Le Curé d'Ars dans ses catéchismes (5)
« Notre saint Curé, » écrivait un de ses auditeurs les plus intelligents, « est toujours aussi admirable dans sa vie, ses oeuvres et ses paroles. Ce dernier mot vous étonne peut-être? Et cependant rien n'est plus vrai. Il y a quelque chose de prodigieux dans la satisfaction, je puis dire l'enthousiasme attendri avec lequel la foule se presse pour entendre ses soi-disant catéchismes. Et cette foule est composée d'hommes appartenant à tous les degrés de l'échelle sociale. J'ai entendu des ecclésiastiques distingués, des gens du monde, des savants, des artistes affirmer que rien ne les avait touchés autant que cette expansion d'un coeur qui contemple, qui aime, qui gémit, qui adore.

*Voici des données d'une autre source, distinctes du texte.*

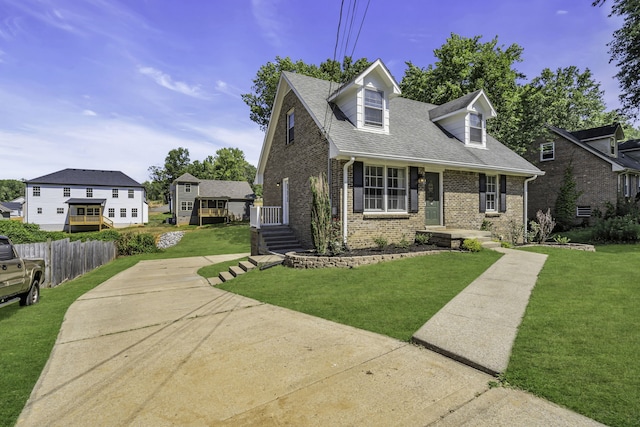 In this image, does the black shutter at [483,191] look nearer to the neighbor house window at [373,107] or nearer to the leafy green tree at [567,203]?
the neighbor house window at [373,107]

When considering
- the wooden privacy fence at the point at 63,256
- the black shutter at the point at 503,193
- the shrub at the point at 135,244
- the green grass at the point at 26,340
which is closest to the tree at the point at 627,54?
the black shutter at the point at 503,193

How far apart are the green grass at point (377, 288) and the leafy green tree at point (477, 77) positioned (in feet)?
44.1

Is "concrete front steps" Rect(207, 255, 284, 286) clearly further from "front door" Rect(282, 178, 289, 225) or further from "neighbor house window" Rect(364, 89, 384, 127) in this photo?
"neighbor house window" Rect(364, 89, 384, 127)

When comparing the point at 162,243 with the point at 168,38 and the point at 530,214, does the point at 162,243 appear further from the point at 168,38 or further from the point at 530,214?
the point at 530,214

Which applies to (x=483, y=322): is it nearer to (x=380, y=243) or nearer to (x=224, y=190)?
(x=380, y=243)

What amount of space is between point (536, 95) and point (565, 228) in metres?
9.02

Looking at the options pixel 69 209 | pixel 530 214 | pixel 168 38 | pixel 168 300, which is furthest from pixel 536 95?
pixel 69 209

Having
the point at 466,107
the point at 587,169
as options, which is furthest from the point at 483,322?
the point at 587,169

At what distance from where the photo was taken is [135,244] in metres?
19.6

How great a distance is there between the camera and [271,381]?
3.23 meters

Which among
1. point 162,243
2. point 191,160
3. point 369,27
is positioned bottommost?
point 162,243

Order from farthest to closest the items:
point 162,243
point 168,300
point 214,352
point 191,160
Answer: point 191,160, point 162,243, point 168,300, point 214,352

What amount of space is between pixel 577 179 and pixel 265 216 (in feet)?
71.5

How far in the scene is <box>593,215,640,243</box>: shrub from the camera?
542 inches
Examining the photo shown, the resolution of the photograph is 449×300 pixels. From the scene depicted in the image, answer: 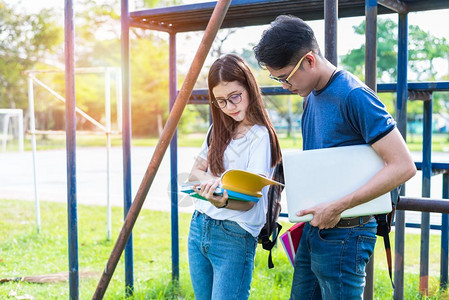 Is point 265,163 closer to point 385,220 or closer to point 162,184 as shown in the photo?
point 385,220

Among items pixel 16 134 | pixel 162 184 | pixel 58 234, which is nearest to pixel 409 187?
pixel 162 184

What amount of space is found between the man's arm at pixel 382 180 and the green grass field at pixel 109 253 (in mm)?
1612

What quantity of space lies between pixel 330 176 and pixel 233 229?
1.42 feet

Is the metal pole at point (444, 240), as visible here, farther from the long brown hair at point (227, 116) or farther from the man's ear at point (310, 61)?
the man's ear at point (310, 61)

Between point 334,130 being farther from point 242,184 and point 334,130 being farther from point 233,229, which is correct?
point 233,229

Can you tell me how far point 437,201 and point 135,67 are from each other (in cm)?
2570

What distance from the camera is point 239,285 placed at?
1.79m

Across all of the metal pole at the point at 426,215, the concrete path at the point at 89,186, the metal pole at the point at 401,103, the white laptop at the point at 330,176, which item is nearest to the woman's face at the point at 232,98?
the white laptop at the point at 330,176

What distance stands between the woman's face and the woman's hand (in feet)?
0.96

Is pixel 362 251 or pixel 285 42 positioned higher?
pixel 285 42

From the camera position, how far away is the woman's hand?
167cm

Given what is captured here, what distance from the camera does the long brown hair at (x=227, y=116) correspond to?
6.06 feet

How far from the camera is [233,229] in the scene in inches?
71.0

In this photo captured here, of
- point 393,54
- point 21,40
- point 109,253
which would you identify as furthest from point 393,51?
point 109,253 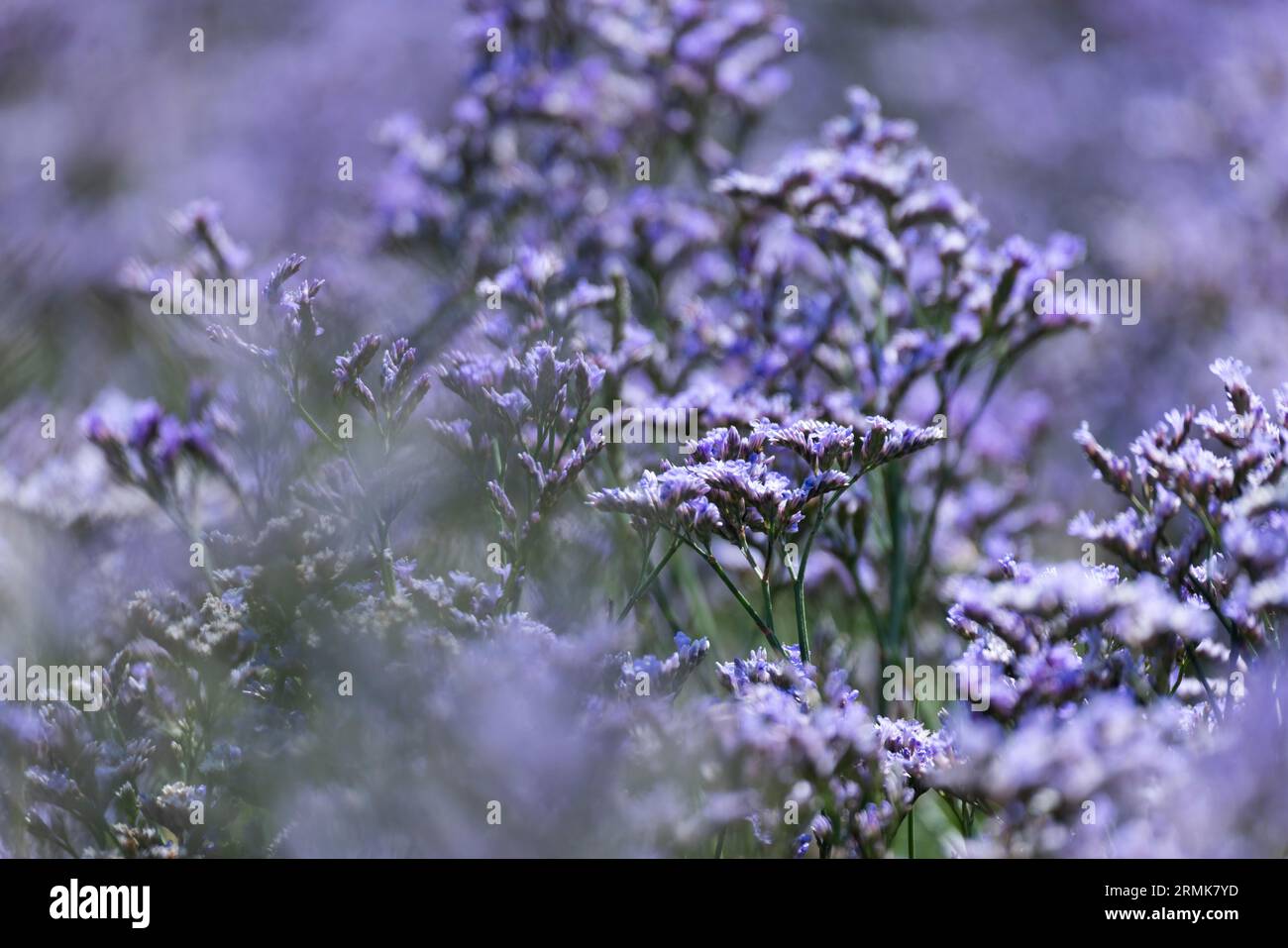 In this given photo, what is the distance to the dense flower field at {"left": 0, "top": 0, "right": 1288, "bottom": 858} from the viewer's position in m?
1.30

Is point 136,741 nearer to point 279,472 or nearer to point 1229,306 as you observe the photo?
point 279,472

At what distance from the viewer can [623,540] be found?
6.32ft

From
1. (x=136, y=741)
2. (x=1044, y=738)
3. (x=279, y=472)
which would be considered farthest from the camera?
(x=279, y=472)

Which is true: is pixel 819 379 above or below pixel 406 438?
above

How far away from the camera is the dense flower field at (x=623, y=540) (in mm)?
1296

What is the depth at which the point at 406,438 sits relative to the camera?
1.90 m

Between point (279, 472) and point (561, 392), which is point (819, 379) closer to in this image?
point (561, 392)

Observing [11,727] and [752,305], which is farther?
[752,305] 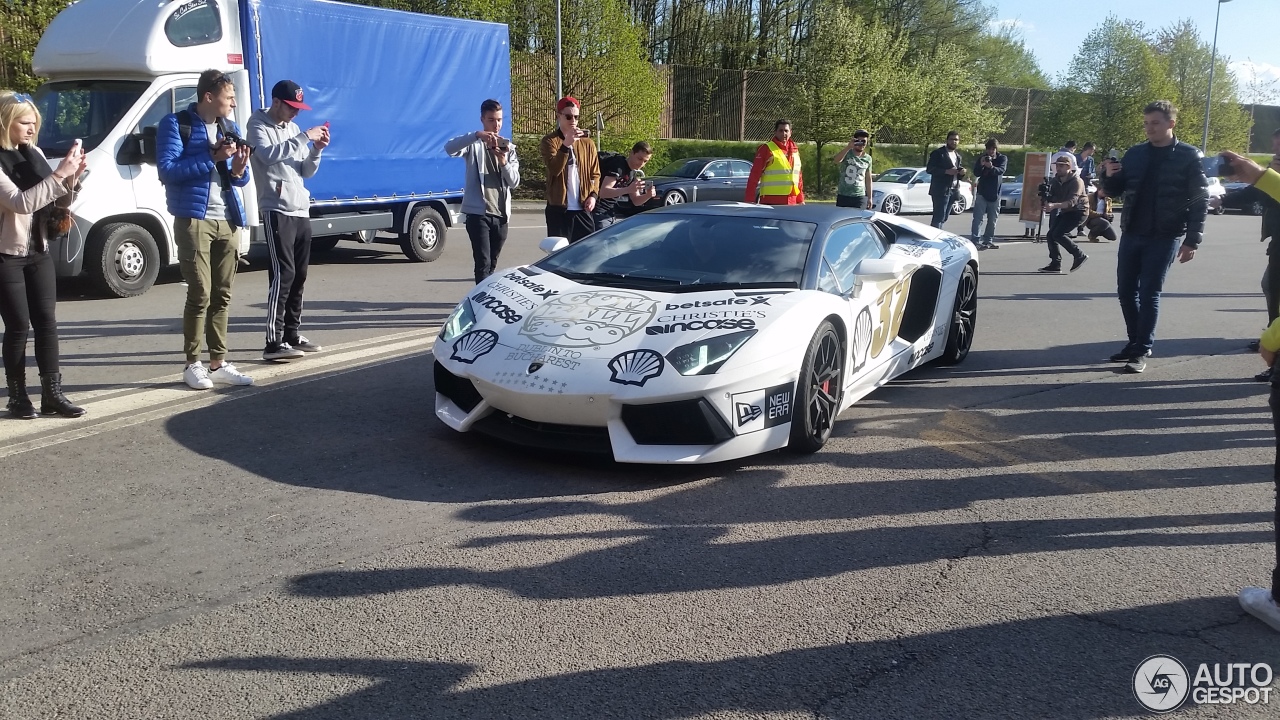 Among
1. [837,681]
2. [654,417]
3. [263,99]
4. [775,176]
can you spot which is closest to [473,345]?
[654,417]

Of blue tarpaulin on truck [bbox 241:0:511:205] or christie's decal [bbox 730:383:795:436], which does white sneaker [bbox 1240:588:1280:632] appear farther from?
blue tarpaulin on truck [bbox 241:0:511:205]

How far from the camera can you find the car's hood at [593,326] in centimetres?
473

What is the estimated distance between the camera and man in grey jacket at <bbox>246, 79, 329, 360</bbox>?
259 inches

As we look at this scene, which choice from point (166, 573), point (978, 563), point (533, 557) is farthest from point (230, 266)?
point (978, 563)

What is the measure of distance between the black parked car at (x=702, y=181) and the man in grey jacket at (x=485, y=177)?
14436 mm

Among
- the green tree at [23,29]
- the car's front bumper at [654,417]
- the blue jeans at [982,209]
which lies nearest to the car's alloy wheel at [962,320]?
the car's front bumper at [654,417]

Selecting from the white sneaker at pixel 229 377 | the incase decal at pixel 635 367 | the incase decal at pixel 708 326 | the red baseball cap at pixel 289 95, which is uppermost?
the red baseball cap at pixel 289 95

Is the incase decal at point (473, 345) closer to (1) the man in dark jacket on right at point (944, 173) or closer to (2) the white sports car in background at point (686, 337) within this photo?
(2) the white sports car in background at point (686, 337)

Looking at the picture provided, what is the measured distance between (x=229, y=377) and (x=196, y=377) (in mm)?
188

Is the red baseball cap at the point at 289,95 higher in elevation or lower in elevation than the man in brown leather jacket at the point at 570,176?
higher

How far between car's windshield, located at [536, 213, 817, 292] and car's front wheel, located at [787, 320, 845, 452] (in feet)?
1.28

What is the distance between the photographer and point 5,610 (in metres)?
3.35

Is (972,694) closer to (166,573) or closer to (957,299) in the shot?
(166,573)

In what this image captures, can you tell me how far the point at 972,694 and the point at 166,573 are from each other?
2753 mm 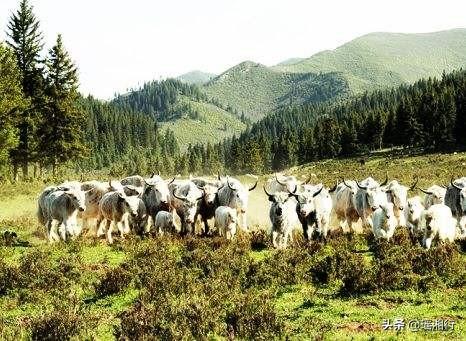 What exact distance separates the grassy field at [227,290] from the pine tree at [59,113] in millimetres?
35644

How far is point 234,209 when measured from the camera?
19.1 metres

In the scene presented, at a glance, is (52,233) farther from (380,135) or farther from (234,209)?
(380,135)

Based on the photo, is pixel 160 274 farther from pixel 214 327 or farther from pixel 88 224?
pixel 88 224

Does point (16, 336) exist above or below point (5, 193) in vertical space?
below

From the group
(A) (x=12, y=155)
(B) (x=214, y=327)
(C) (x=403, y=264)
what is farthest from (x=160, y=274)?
(A) (x=12, y=155)

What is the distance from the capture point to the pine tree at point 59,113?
1954 inches

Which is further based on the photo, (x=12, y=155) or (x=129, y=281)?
(x=12, y=155)

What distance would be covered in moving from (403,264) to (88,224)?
14.0 m

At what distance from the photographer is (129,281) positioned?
1173 cm

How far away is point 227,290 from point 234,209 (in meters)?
8.26

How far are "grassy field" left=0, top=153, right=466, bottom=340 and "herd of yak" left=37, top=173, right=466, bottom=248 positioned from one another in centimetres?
93

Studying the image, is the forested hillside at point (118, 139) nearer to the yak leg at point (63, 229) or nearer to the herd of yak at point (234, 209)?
the herd of yak at point (234, 209)

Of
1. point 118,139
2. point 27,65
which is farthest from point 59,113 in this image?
point 118,139

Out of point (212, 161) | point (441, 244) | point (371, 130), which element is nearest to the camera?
point (441, 244) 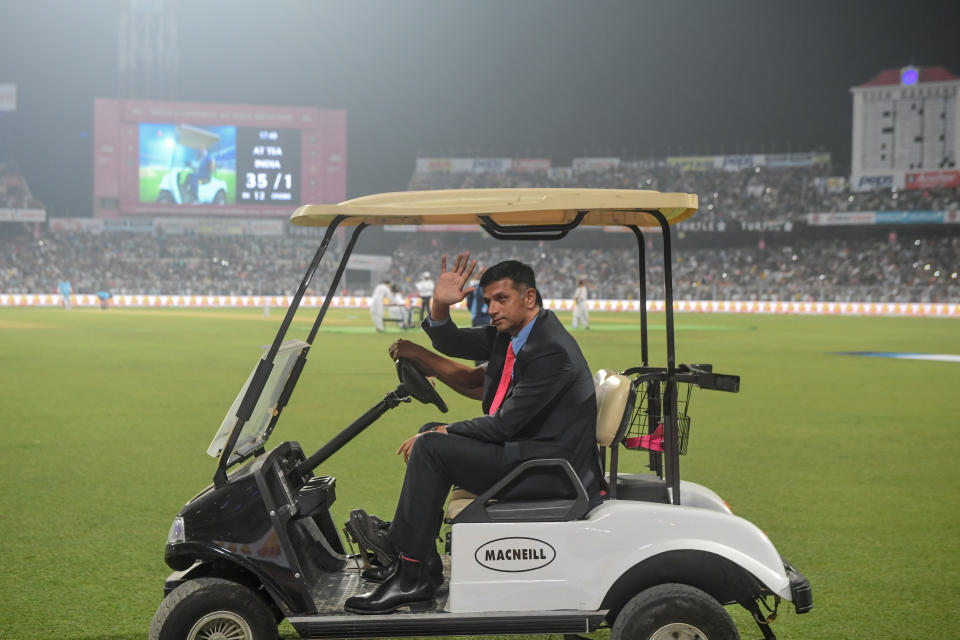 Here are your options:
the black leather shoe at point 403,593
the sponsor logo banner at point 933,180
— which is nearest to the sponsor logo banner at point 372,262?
the sponsor logo banner at point 933,180

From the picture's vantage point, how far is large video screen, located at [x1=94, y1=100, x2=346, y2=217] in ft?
193

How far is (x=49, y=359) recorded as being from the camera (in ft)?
59.9

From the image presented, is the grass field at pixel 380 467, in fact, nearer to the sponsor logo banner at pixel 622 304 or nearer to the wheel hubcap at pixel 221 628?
the wheel hubcap at pixel 221 628

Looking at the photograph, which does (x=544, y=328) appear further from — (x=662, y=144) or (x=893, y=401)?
(x=662, y=144)

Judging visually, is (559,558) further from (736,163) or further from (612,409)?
(736,163)

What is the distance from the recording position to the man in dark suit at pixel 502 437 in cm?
356

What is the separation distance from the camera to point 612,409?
3.76m

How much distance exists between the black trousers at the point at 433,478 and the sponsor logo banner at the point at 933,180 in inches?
2425

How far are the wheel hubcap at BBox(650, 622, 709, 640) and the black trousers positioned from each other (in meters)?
0.82

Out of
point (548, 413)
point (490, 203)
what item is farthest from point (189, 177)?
point (548, 413)

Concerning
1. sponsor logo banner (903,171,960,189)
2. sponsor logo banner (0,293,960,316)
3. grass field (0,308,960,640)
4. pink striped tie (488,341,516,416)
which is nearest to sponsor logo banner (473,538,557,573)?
pink striped tie (488,341,516,416)

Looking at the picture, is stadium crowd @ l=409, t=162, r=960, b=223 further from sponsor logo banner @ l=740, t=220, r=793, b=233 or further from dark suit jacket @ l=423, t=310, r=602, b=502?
dark suit jacket @ l=423, t=310, r=602, b=502

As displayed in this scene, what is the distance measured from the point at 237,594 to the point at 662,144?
8838cm

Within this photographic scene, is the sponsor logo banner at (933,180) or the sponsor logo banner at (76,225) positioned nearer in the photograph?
the sponsor logo banner at (933,180) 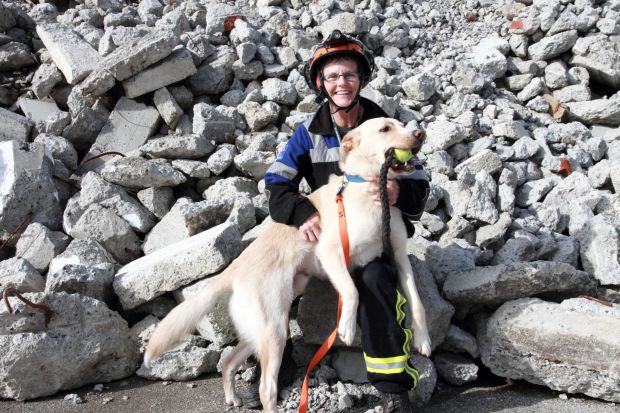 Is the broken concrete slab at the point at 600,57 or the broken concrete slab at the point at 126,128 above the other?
the broken concrete slab at the point at 600,57

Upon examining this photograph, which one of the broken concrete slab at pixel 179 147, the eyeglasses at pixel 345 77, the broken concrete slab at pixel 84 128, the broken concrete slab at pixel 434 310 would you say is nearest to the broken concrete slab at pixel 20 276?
the broken concrete slab at pixel 179 147

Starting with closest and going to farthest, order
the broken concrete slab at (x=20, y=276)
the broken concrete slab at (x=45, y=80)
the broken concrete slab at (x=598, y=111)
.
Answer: the broken concrete slab at (x=20, y=276), the broken concrete slab at (x=45, y=80), the broken concrete slab at (x=598, y=111)

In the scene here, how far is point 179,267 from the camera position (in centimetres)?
390

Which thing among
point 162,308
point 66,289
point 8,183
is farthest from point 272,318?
point 8,183

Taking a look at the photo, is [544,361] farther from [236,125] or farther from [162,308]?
[236,125]

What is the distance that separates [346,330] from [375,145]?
44.2 inches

On pourrait presque aussi recueillir les Fioretti du Curé d'Ars. Rien de gracieux et de brillant comme la peinture qu'il faisait du printemps il y a peu de jours!... »
Et quelques lignes plus bas, après avoir parlé poésie, on ajoutait: « Hier, notre vieux saint François d'Assise était plus poétique que jamais au milieu de ses larmes et de ses élans d'amour; en parlant de l'âme de l'homme qui ne doit avoir d'aspiration que pour Dieu, il s'écriait:
« Le poisson cherche-t-il les arbres et la prairie? Non, il s'enfonce dans les eaux. L'oiseau s'arrête-t-il sur la terre? Non, il s'envole dans les airs... Et l'homme qui est créé pour aimer Dieu, posséder Dieu, renfermer Dieu, que fera-t-il de toutes les forces qui lui ont été données pour cela ?... »
M. Vianney aimait à raconter la fraîche et poétique légende de saint Maur, qui, allant un jour porter le dîner à saint Benoît, trouva un gros serpent; il le prit, le mit dans le pan de sa robe et dit en le montrant à saint Benoît: « Père, voyez ce que j'ai trouvé. » Quand le saint patriarche et tous les religieux furent réunis, le serpent se mit à siffler et à vouloir les mordre. Saint Benoît dit alors: « Petit, retourne le porter où tu l'as pris. » Et quand saint Maur fut parti, il ajouta: « Mes frères, savez-vous pourquoi cette bête est si douce avec cet enfant!... C'est parce qu'il a conservé l'innocence de son baptême. »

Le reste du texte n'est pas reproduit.